# Modifying the Little Chief



## madsmoker

Hi everyone!
New to the board.

I'm in Minnesota & it's easy to use the Little Chief as a cold smoker here without modifications in Winter.  Especially this one since it's so thin.

When summer rolls around some days the ambient air temp exceeds 90 degrees in the shade.  Wondering if anyone has any ideas for modifying it into a cold smoker to keep making cheese in the summer-time.  

The Little Chief comes with cold smoker mod suggestions for the top loader, but I got the front-loader.

Any advice?  

Cool board by the way.

Darin


----------



## cajunsmoker

If he doesn't respond to your post, try a PM to Smoked.  He built some type of cold smoker using a Big Chief or Little Chief or some type of "Injun" smoker.  He piped in smoke out of another smoker through some type of flap?  I'm not that familiar with those smokers but I remember him talking about it.

And welcome to the SMF by the way.  Glad to have you aboard.


----------



## madsmoker

Thanks for the reply.  Yea, cheese is the reason I wanted to make a better cold smoker, but after familiarizing myself with the board a little more I see there were probably a million better threads where I could have posted this question.


----------



## cajunsmoker

That's OK, your first post should have been in Roll Call anyway.  So now go hit those other threads.


----------



## deejaydebi

Welcome Madsmoker
 Don't know the smoker but I do know a good bit about cheese ...

Canjun -

Maybe another cheese maker? Did someone say cheese?


----------



## cheech

If you still have the box that it came in you can take the racking out of the unit place it on top of the smoker and then place the box over the top.

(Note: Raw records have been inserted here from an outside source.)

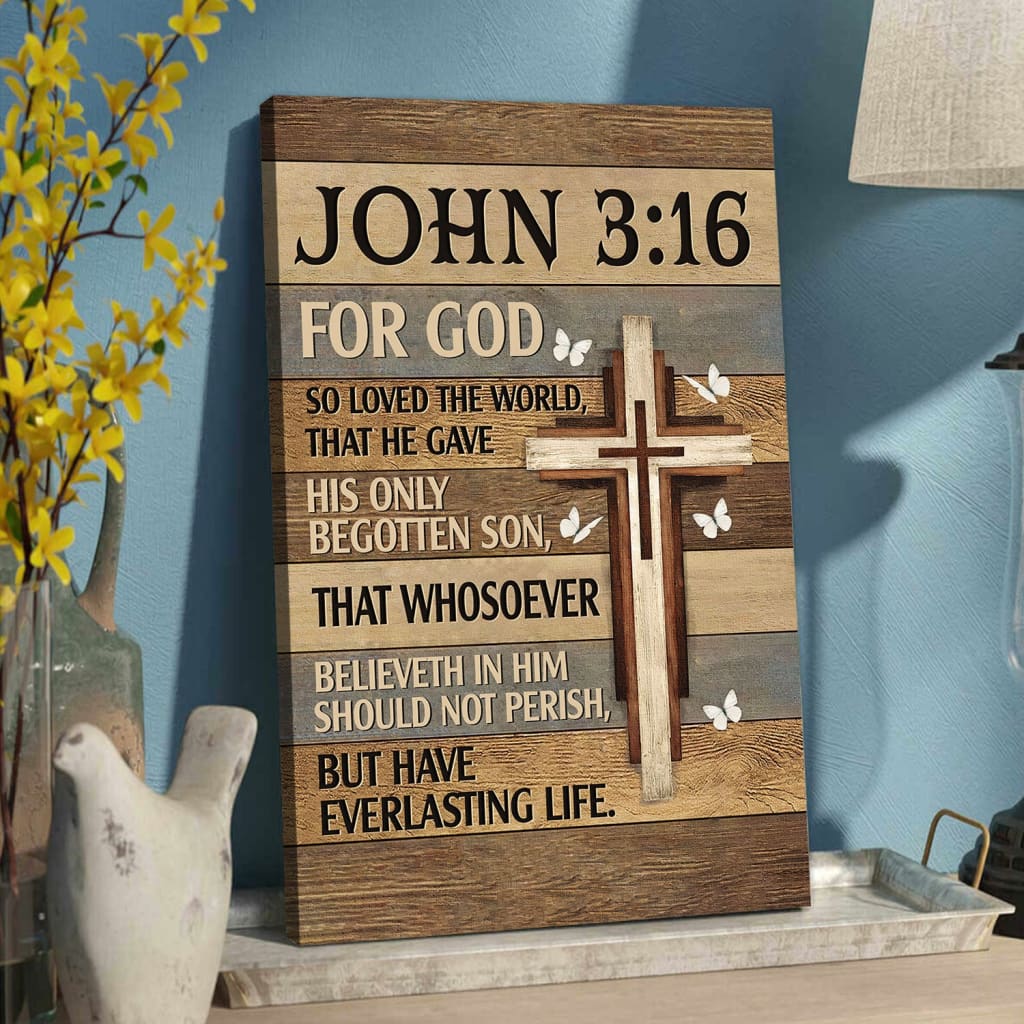 Christian wall art with John 3:16 "For God So Loved the World," featuring a cross and butterflies on a wooden background.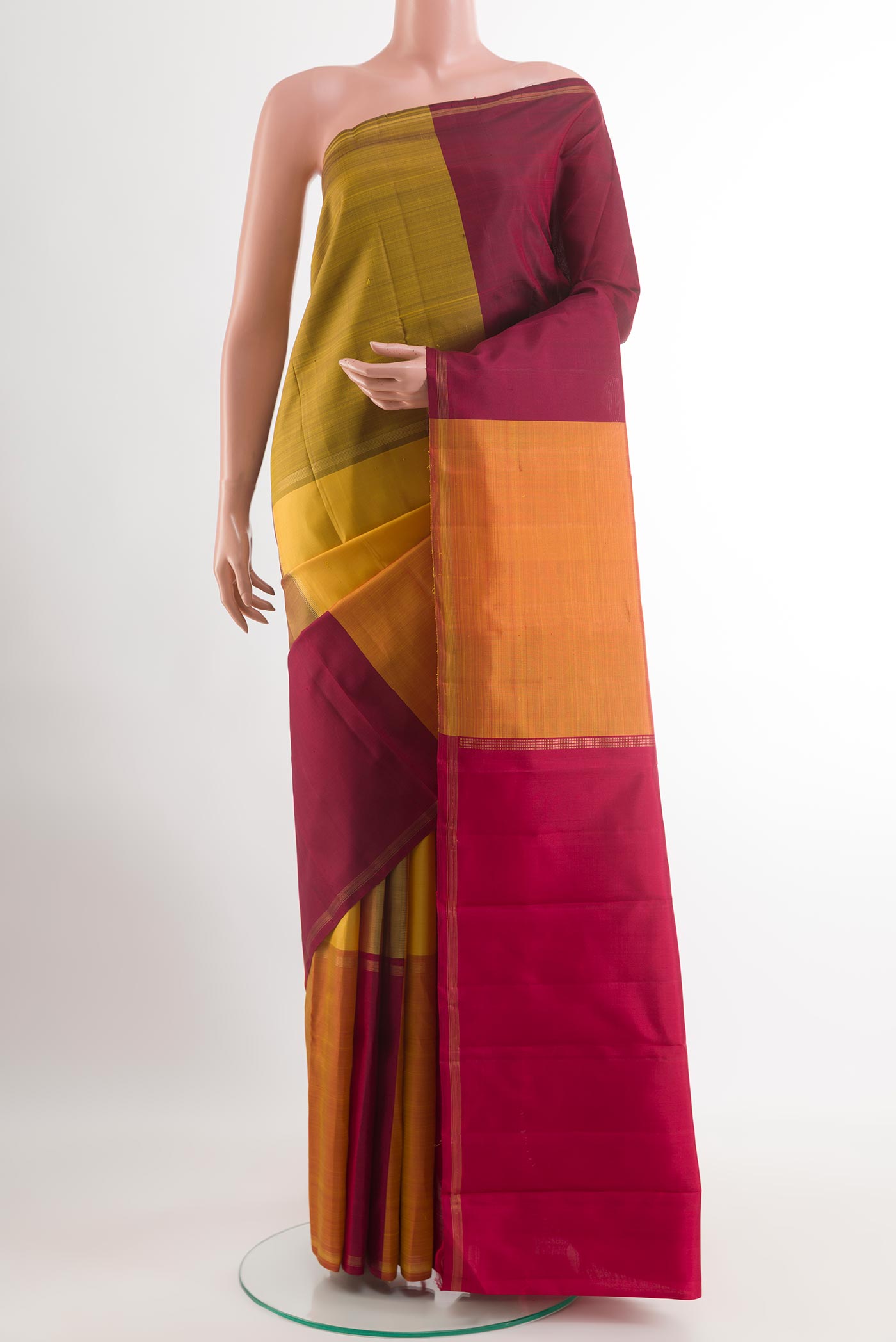 Multi Color Kanjivaram Silk Saree with Stripes on the body and Zari Border.  displayed on a mannequin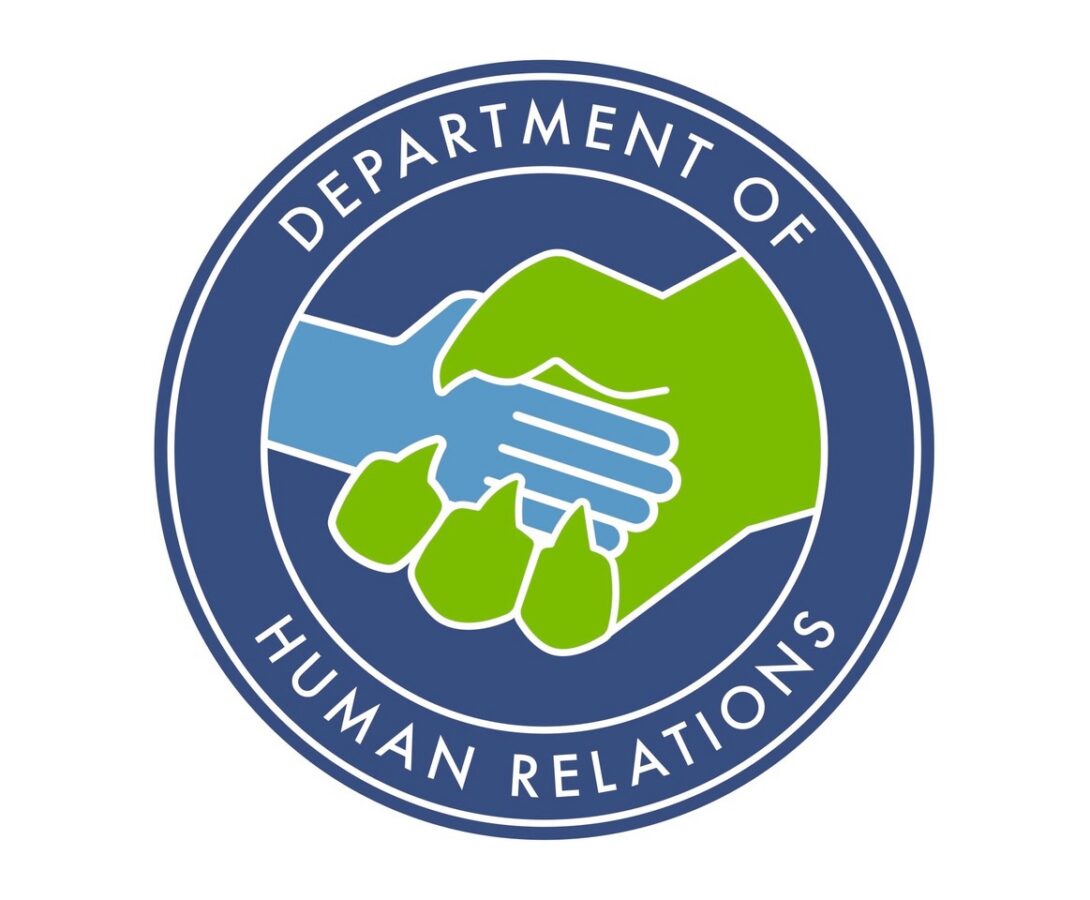 Monsters Inc Human Relations logo with monster hand shaking a human hand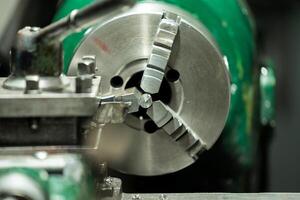 An old, well used lathe machine in a workshop, a vital tool for metalworking and precision engineering tasks. photo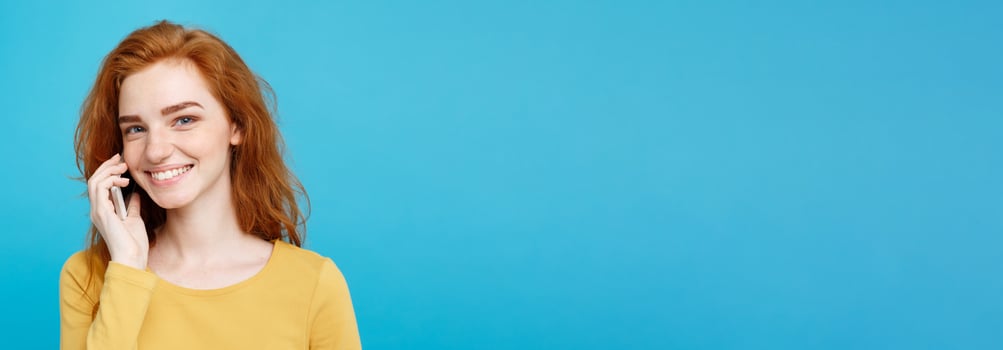 Lifestyle and Technology concept - Portrait of cheerful happy ginger red hair girl with joyful and exciting talking with friend by mobile phone. Isolated on Blue Pastel Background. Copy space. photo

In fact I believe that the instructions show how to do this. I no longer have my instructions but may be someone else here still has theirs


----------



## smoked

yea I modified my big chief to be a dedicated cold smoker box, it's modified to take the smoke generated from my masterbuilt unit......  mine is a front loader as well.   Now if you still have the box that the unit came in you can use that sitting on top of the smoker as a cold box, I used to do that with mine from time to time......it's a bit of a pain in the butt but it does work.  I just got tired of the non-insulated design that I finally got out of the dark ages and jumped on a new insulated unit that makes life much easier!!!!!!


----------



## madsmoker

Yea the Little Chief comes with the generic directions to turn the top loading LC into a cold smoker with the box it came in.  I haven't tried it, but there are a couple of issues. The front loader doesn't have a solid racking system you pull out.  It uses individual racks that slide out of fixed holders.  I'm sure I could do a bit of McGuyvering, but also it seems like tons of smoke poors out the front by the door & not the tiny slits at the top which is all there is to vent out the top.


----------



## smoked

well you can do the "bricks and sticks" type method, that is basically what I did by using some bricks to put the racks on and keep building up that way......


----------



## gp george

I use a cardboard box with approximately the same width and depth dimensions as smoker. The box the smoker came in works well. The bottom of the box should be open and the flaps left on the top.

Insert two lengths of stiff wire, welding rods work well, near the bottom of the box to allow it to set on the smoker and allow the smoke to rise into it.

Inset two more rods at the height above the smoker you would like to have the wire rack.

Lay one of the racks from the smoker on the top rack with the cheese or salmon and close the top flaps.

The smoke escapes in the box with almost no heat.  Works well.


----------